Выводят вместе. Вместе отправляют в баню и, наконец, в церковь на пересылку. Попадаем в камеру № 11. Начинаем отходить. Напряженность отпускает. Начинаем верить в чудо, в особую милость палачей СССР, надеяться на то, что они нам вместе дадут провести «срок наказания».
Велико было наше изумление, когда мы в камере встретились с атаманом Терского войска, генералом Вдовенко. Для нас он был воскресшим из мертвых, правда ненадолго. Мы слышали, что после занятия Белграда большевиками, Вдовенко якобы казнили через повешение там же, в Белграде. Бедняга одряхлел и был смертельно болен.
Опять день за днем, но теперь мы цеплялись за них и с ужасом следили за их сменой. Так было хорошо вдвоем. Пусть деревянные нары без матрасов и подушек. Пусть голодно и холодно, но мы просто упивались нашей близостью, нашими разговорами.
Вероятно, атмосфера благоприятно действовала на душу людей. Все то, что мы говорили в те дни с удивительной легкостью, но бережно и вдумчиво в обычное время трудно было бы сказать на духу, на исповеди.
Никогда мы не были так близки, так родственны и так откровенны, как в этой бывшей церкви, переделанной под пересылку.
— Почему мне так легко говорить, папа? Почему я никогда раньше не был так искренен с тобой?
Отец ласково смотрел на меня, поглаживал меня по плечу.
— Это так понятно, Николай. Страдания сравняли нас. Утоптали разницу в летах. Сблизили. Раньше ты был ребенком и по-ребячьи побаивался родителей. Став подростком и юношей, ты прошел, а вместе с тобой и мы с матерью, через всем знакомый период «отцы и дети». Потом стал сам человеком и жил своей жизнью. В те времена трудно было перекинуть мостик через естественные, не всегда глубокие овраги. Теперь мы оба стоим перед неизвестностью. Если жизнь, так как долго? Если смерть — то когда и где? Мы — обреченные. И нам поэтому легче говорить по душам. Исчез ложный стыд, ложное самолюбие.

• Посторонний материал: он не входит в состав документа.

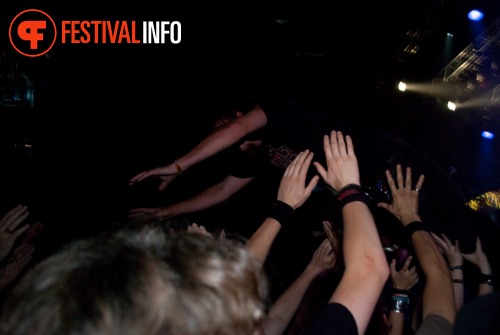 Sfeerfoto Paganfest Effenaar 2009 - vrijdag 25 september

Затем, сын, что бы ни делали большевики из этого помещения — оно остается храмом Божиим, церковью. Тут был алтарь, на котором лежал Святой Антиминс. Тут совершались службы. Тут столетиями теплились свечи, зажженные руками грешников, возносили свои молитвы раскаявшиеся преступники, невинно осужденные, смертники, как мы. Я верю, что все эти молитвы создали особое духовно-возвышенное настроение, и его не могут уничтожить все бесчинства святотатцев, все злодеяния богоборцев.
Так говорил, так думал, так чувствовал мои отец.
Он погиб, как жертва красных палачей, истощенный, обессиленный в 1947 году. Царствие ему Небесное. Он был прямым, честным и смелым человеком. Если он делал ошибки, Господь Бог ему их простит за его смирение, терпение и христианское прощение всем обидевшим его. За Лубянку и лагерное горение он действительно заслужил вечный покой и вечную память.
Его отцовская любовь, которой я как-то раньше не замечал, считая все вполне естественным, принимая все, как должное, встала во всем своем величии в моих глазах в те дни, в пересылке.
Не могу забыть его заботы обо мне, проводимые с наивными, плохо скрытыми хитростями. Он знал, что 10 лет ему не протянуть, что он не выдержит давления лагерной атмосферы, и делал всю свою ставку на меня. Мы оба были голодны. Мы не могли не чувствовать сосущей боли в желудке. Паек пересыльных был еще более изнуряющим. И вот мой папка, мой дорогой осунувшийся, поседевший папка, припрятывал от своей «пайки» отломанный кусок граммов в 100–150, и затем вечером, как бы случайно натолкнувшись на этот ломоть, завернутый в его полотенце, делал изумленные глаза и говорил:
— А это откуда? Ах (как бы припоминая) это со вчерашнего дня осталось, не доел. Не хотелось. Не хочешь ли, Колюнок, закусить немножко? Мне ненужно.
Святая ложь любящею отца! Вспоминая о ней, я и сегодня не могу сдержать слезы благодарности. За все время пребывания вместе, мы делили все пополам, и часто, наивно, как в детской игре, отец старался отвлечь мое внимание в сторону, для того, чтобы «незаметно» подсунуть лишний кусочек, насыпать больше сахару или пропустить очередь захватывания супа ложкой из нашей общей миски.
К этой же хитрости прибегал и я точно так же отвлекая его внимание глупостью, вроде — «Смотри, папа, муха летит» — подталкивал к нему кусочки и насыпал сахар.
Все лишения сказывались на мне менее заметно, а папа таял не по дням, а по часам. С ужасом я замечал его прозрачную бледность, физическую вялость, частые головокружения, которые он тщательно старался скрыть от меня.